Tristram Shandy, Laurence Sterne

Laurence Sterne, 1713 - 1768, Tristram Shandy, nine volumes, 1759 – 1767. A must-read is the Everyman’s Library edition, with an introduction by Peter Conrad, c. 1991, but included in Everyman’s Library as early as 1912.

197 pages; 111 chapters. 

In the introduction, these four novelists were, perhaps, the “founding fathers” of the English novel: Defoe, Richardson, and Sterne, and Cervantes, though not English.

Mentioned in passing in the introduction: Marianne Moore, Jane Eyre, Don Juan (Byron), Hamlet, Whitman’s Prelude, and many others, particularly Fielding’s Tom Jones.

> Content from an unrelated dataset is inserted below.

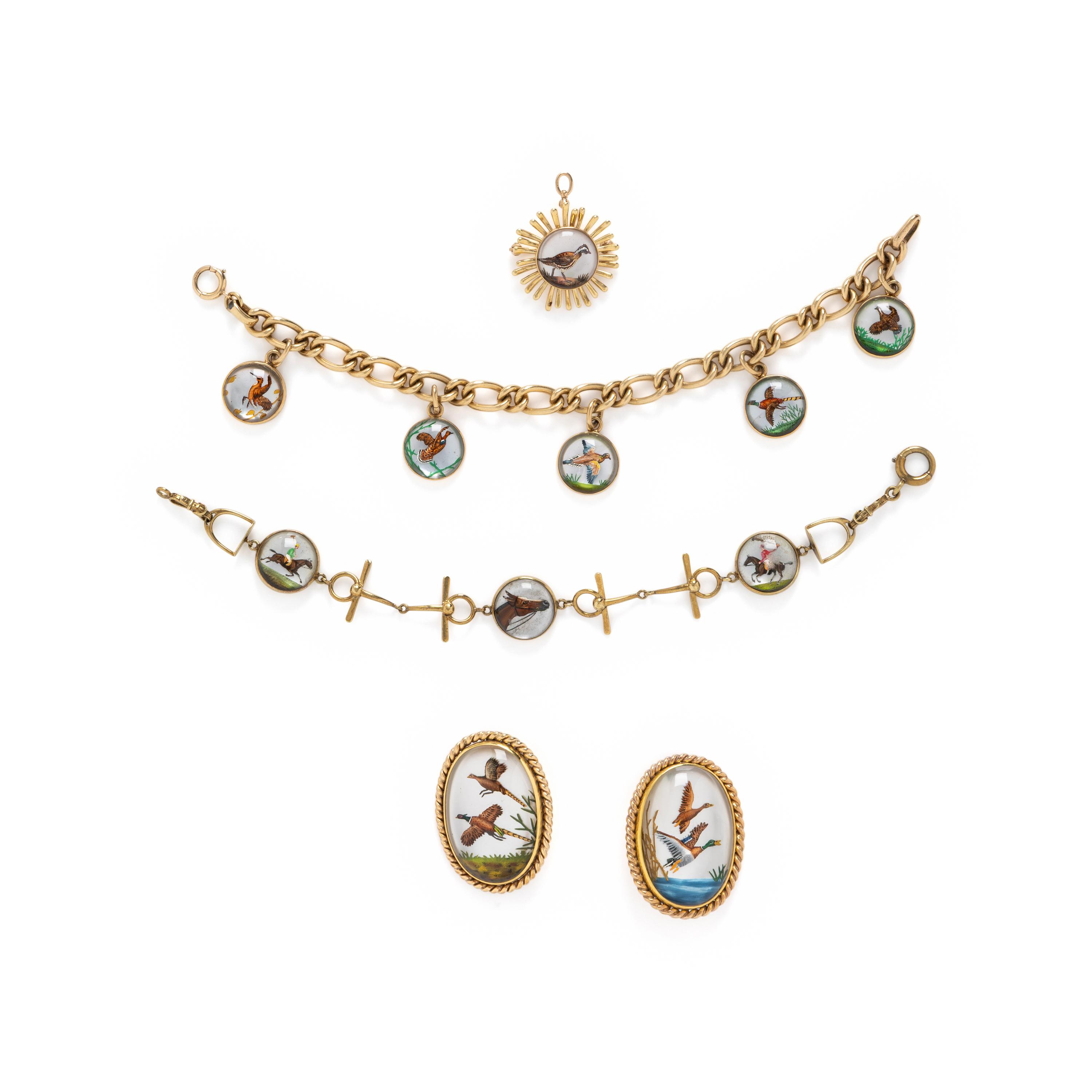 COLLECTION OF REVERSE PAINTED CRYSTAL JEWELRY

From page viii of the introduction,
“… Sterne discovers a new way of writing and a new way of understanding human nature which makes his book a sacred text both for Romantic poets and modern novelists, who like him want to liberate literature from its self-imposed and unnecessary rules.”
Everyman's Library was founded in 1906 and relaunched in 1991. It aims to offer the most complete library in the English language of the world's classics. Each volume is printed in a classic typeface on acid-free, cream-wove paper with a sewn full cloth binding.

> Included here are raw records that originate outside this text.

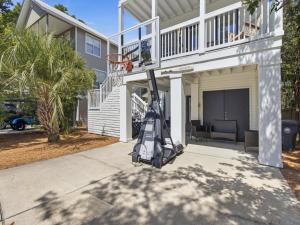 a basketball hoop in front of a house at Dune Our Thing in Blue Mountain Beach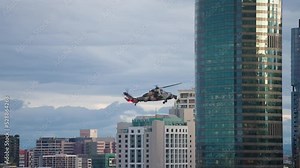 ARH Military Helicopter Waving Turret Near High Rise Building In Brisbane CBD During Riverfire, Slow Motion 4K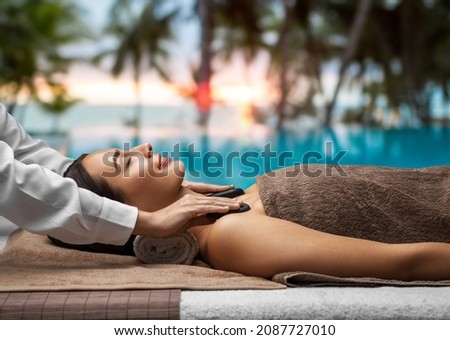 wellness, beauty and relaxation concept - beautiful young woman having hot stone massage at spa over tropical beach background in french polynesia Royalty-Free Stock Photo #2087727010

I first read Tristram Shandy some years ago, probably in 2004 or thereabouts when I was at the height of my reading program which began in 2002. I was, at that time, reading about the evolution of the novel. Until much later, I did not know how "important" Richardson's Clarissa and Defoe's Robinson Crusoe were in that development, both of which I read about that time. It is no easy "thing" to get through Clarissa

To some extent, I suppose, Laurence Sterne was the Mark Twain of his era.